And frankly, you're still getting 45Mbps under those conditions.  Many
people would kill for that sort of performance - although they'd probably
then want to kill everyone in the Comcast call centre later on.

 - Jonathan Morton

Re: [Bloat] The Dark Problem with AQM in the Internet?

[Dave Taht]

On Thu, Aug 28, 2014 at 10:20 AM, Jerry Jongerius <jerryj@duckware.com> wrote:
> Jonathan,
>
> Yes, WireShark shows that *only* one packet gets lost.  Regardless of RWIN
> size.  The RWIN size can be below the BDP (no measurable queuing within the
> CMTS).  Or, the RWIN size can be very large, causing significant queuing
> within the CMTS.  With a larger RWIN value, the single dropped packet
> typically happens sooner in the download, rather than later.  The fact there
> is no "burst loss" is a significant clue.
>
> The graph is fully explained by the Westwood+ algorithm that the server is
> using.  If you input the data observed into the Westwood+ bandwidth
> estimator, you end up with the rate seen in the graph after the packet loss
> event.  The reason the rate gets limited (no ramp up) is due to Westwood+
> behavior on a RTO.  And the reason there is the RTO is due the bufferbloat,
> and the timing of the lost packet in relation to when the bufferbloat
> starts.  When there is no RTO, I see the expected drop (to the Westwood+
> bandwidth estimate) and ramp back up.  On a RTO, Westwood+ sets both
> ssthresh and cwnd to its bandwidth estimate.

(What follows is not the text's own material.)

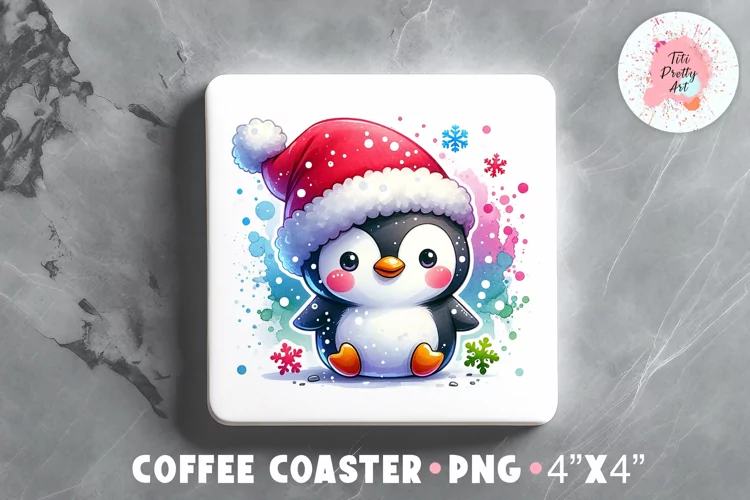 Square Coaster Christmas Pinguin Sublimation Design Png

On the same network, what does cubic do?

> The PC does SACK, the server does not, so not used.  Timestamps off.

Timestamps are *critical* for good tcp performance above 5-10mbit on
most cc algos.

I note that the netperf-wrapper test has the ability to test multiple
variants of
TCP, if enabled on the server (basically you need to modprobe the needed
algorithms, enable them in /proc/sys/net/ipv4/tcp_allowed_congestion_control,
and select them in the test tool (iperf and netperf have support)).

Everyone here has installed netperf-wrapper already, yes?

Very fast to generate a good test and a variety of plots like those shown
here:  http://burntchrome.blogspot.com/2014_05_01_archive.html

(in reading that over, does anyone have any news on CMTS aqm or packet
scheduling systems? It's the bulk of the problem there...)

 netperf-wrapper is easy to bring up
on linux, on osx it needs macports, and the only way I've come up to test
windows behavior is using windows as a netperf client rather than server.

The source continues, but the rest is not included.